══ Data listing ══

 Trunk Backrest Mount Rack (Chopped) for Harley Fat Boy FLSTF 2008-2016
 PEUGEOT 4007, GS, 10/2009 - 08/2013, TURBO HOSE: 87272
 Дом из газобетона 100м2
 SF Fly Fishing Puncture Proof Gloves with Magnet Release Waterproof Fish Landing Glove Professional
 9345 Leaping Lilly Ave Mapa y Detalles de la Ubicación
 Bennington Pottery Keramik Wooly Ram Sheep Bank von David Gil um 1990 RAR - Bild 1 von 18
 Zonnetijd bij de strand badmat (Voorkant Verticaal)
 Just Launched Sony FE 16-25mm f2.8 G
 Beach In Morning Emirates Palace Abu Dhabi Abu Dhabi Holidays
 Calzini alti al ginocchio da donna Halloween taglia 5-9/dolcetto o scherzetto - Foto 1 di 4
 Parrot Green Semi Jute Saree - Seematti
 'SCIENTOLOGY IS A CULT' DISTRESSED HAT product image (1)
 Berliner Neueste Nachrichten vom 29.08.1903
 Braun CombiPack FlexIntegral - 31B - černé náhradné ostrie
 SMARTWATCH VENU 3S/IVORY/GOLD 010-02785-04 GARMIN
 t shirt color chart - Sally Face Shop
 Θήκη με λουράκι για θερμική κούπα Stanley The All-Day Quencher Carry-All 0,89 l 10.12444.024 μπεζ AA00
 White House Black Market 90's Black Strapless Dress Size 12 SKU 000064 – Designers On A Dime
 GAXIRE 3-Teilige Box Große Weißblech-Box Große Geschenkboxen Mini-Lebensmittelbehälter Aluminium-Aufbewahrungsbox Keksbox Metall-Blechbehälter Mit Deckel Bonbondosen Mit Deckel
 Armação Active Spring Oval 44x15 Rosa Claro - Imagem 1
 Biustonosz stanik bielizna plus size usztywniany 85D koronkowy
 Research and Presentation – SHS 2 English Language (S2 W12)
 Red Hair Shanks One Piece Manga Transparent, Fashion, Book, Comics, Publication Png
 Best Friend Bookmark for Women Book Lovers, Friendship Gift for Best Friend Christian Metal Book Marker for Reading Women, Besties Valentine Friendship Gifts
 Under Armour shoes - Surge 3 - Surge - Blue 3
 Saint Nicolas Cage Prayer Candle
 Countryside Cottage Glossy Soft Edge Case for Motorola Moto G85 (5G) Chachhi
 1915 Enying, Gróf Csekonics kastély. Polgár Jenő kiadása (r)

═══

● To do: Every record above must appear again in the answer, unchanged.

● Exercise solution:
 Trunk Backrest Mount Rack (Chopped) for Harley Fat Boy FLSTF 2008-2016
 PEUGEOT 4007, GS, 10/2009 - 08/2013, TURBO HOSE: 87272
 Дом из газобетона 100м2
 SF Fly Fishing Puncture Proof Gloves with Magnet Release Waterproof Fish Landing Glove Professional
 9345 Leaping Lilly Ave Mapa y Detalles de la Ubicación
 Bennington Pottery Keramik Wooly Ram Sheep Bank von David Gil um 1990 RAR - Bild 1 von 18
 Zonnetijd bij de strand badmat (Voorkant Verticaal)
 Just Launched Sony FE 16-25mm f2.8 G
 Beach In Morning Emirates Palace Abu Dhabi Abu Dhabi Holidays
 Calzini alti al ginocchio da donna Halloween taglia 5-9/dolcetto o scherzetto - Foto 1 di 4
 Parrot Green Semi Jute Saree - Seematti
 'SCIENTOLOGY IS A CULT' DISTRESSED HAT product image (1)
 Berliner Neueste Nachrichten vom 29.08.1903
 Braun CombiPack FlexIntegral - 31B - černé náhradné ostrie
 SMARTWATCH VENU 3S/IVORY/GOLD 010-02785-04 GARMIN
 t shirt color chart - Sally Face Shop
 Θήκη με λουράκι για θερμική κούπα Stanley The All-Day Quencher Carry-All 0,89 l 10.12444.024 μπεζ AA00
 White House Black Market 90's Black Strapless Dress Size 12 SKU 000064 – Designers On A Dime
 GAXIRE 3-Teilige Box Große Weißblech-Box Große Geschenkboxen Mini-Lebensmittelbehälter Aluminium-Aufbewahrungsbox Keksbox Metall-Blechbehälter Mit Deckel Bonbondosen Mit Deckel
 Armação Active Spring Oval 44x15 Rosa Claro - Imagem 1
 Biustonosz stanik bielizna plus size usztywniany 85D koronkowy
 Research and Presentation – SHS 2 English Language (S2 W12)
 Red Hair Shanks One Piece Manga Transparent, Fashion, Book, Comics, Publication Png
 Best Friend Bookmark for Women Book Lovers, Friendship Gift for Best Friend Christian Metal Book Marker for Reading Women, Besties Valentine Friendship Gifts
 Under Armour shoes - Surge 3 - Surge - Blue 3
 Saint Nicolas Cage Prayer Candle
 Countryside Cottage Glossy Soft Edge Case for Motorola Moto G85 (5G) Chachhi
 1915 Enying, Gróf Csekonics kastély. Polgár Jenő kiadása (r)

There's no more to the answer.